UPDATE with correlated aggregates

From: Joe Abbate <jma(at)freedomcircle(dot)com>
To: pgsql-sql(at)postgresql(dot)org
Subject: UPDATE with correlated aggregates
Date: 2006-01-27 03:17:05
Message-ID: 43D990B1.6090608@freedomcircle.com
Views: Raw Message | Whole Thread | Download mbox | Resend email
Thread:
Lists: pgsql-sql

Hi,

I have a database with one "main" table with three columns that
self-reference the primary key, plus four other tables that have (in
total) seven foreign key columns referencing "main". I want to create a
table (or view) that summarizes the various reference counts, per row in
"main". I have an approach that works, for the much simpler situation
described below, but wanted feedback on possible improvements or
simplifications before implementing it on the actual tables.

Here are the simplified "main" table and one of the ancillary tables:

dev=> \d main
Table "public.main"
Column | Type | Modifiers
--------+---------+-----------
id | integer | not null
parent | integer |
data | text |
Indexes:
"main_pkey" PRIMARY KEY, btree (id)

dev=> \d items
Table "public.items"
Column | Type | Modifiers
--------+---------+-----------
id | integer | not null
main | integer |
data | text |
Indexes:
"items_pkey" PRIMARY KEY, btree (id)

dev=> select * from main;
id | parent | data
----+--------+--------
1 | | ABC
2 | 1 | ABCDEF
3 | 1 | ABCGHI
4 | | PQR
5 | 4 | PQRSTU
6 | 4 | PQRUVW
7 | 4 | PQRXYZ
(7 rows)

dev=> select * from items;
id | main | data
----+------+------
1 | 2 | asdf
2 | 2 | jkl;
3 | 2 | qwer
4 | 3 | uiop
5 | 3 | m,./
6 | 4 | zxcv
7 | 4 | rtyu
8 | 4 | fghj
9 | 4 | vbnm
10 | 6 | asl;
11 | 7 | qwop
12 | 7 | zx./
(12 rows)

This is the summary table:

dev=> \d summ
Table "public.summ"
Column | Type | Modifiers
--------+---------+-----------
id | integer | not null
subs | bigint |
items | bigint |
Indexes:
"summ_pkey" PRIMARY KEY, btree (id)

I first populate "summ" with 'select id from main'. Since an UPDATE
apparently cannot include aggregates, i.e., subs = count(*), I chose to
create two views as follows:

CREATE VIEW main_summ AS
SELECT parent AS id, count(*) AS subs
FROM main
WHERE parent IS NOT NULL
GROUP BY parent;
CREATE VIEW items_summ AS
SELECT items.main AS id, count(*) AS items
FROM items
GROUP BY items.main;

Then I update "summ" as follows:

update summ set subs = ms.subs
from main_summ ms where ms.id = summ.id;
update summ set items = its.items
from items_summ its where its.id = summ.id;

The end result is:

dev=> select * from summ order by id;
id | subs | items
----+------+-------
1 | 2 |
2 | | 3
3 | | 2
4 | 3 | 4
5 | |
6 | | 1
7 | | 2
(7 rows)

In the real database, I'd probably have to create 10 views and do 10
updates so any simpler approach would be appreciated.

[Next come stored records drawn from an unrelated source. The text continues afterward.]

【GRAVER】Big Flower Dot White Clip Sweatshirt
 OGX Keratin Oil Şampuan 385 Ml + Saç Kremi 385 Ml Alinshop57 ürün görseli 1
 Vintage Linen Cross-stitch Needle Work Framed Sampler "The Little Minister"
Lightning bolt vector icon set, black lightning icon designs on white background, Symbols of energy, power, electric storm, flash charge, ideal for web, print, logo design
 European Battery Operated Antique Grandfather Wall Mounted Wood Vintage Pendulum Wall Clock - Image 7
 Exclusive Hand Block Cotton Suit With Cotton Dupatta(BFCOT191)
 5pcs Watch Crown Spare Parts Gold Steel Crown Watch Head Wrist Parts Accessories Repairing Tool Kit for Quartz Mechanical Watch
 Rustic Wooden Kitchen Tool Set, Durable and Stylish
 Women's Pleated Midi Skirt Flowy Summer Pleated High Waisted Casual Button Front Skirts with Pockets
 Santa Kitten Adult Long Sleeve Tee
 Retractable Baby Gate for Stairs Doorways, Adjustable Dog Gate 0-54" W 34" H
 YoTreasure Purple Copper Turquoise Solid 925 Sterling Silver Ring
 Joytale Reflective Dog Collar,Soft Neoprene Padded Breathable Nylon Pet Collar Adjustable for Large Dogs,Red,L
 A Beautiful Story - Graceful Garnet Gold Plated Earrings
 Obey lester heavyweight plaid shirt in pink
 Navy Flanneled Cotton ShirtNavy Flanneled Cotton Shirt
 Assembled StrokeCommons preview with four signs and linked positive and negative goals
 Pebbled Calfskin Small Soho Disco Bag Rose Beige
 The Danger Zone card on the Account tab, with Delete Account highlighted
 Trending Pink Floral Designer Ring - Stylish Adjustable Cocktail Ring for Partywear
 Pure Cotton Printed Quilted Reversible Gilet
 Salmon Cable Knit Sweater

I played with
creating an intermediate table that was populated from UNION SELECTs of
the various GROUP BYs, each with an additional column that coded the
type of relationship, but couldn't figure out how to create the summary
since the coded column has to be used to add the count to either the
"subs" or "items" columns (or subcolumns by type).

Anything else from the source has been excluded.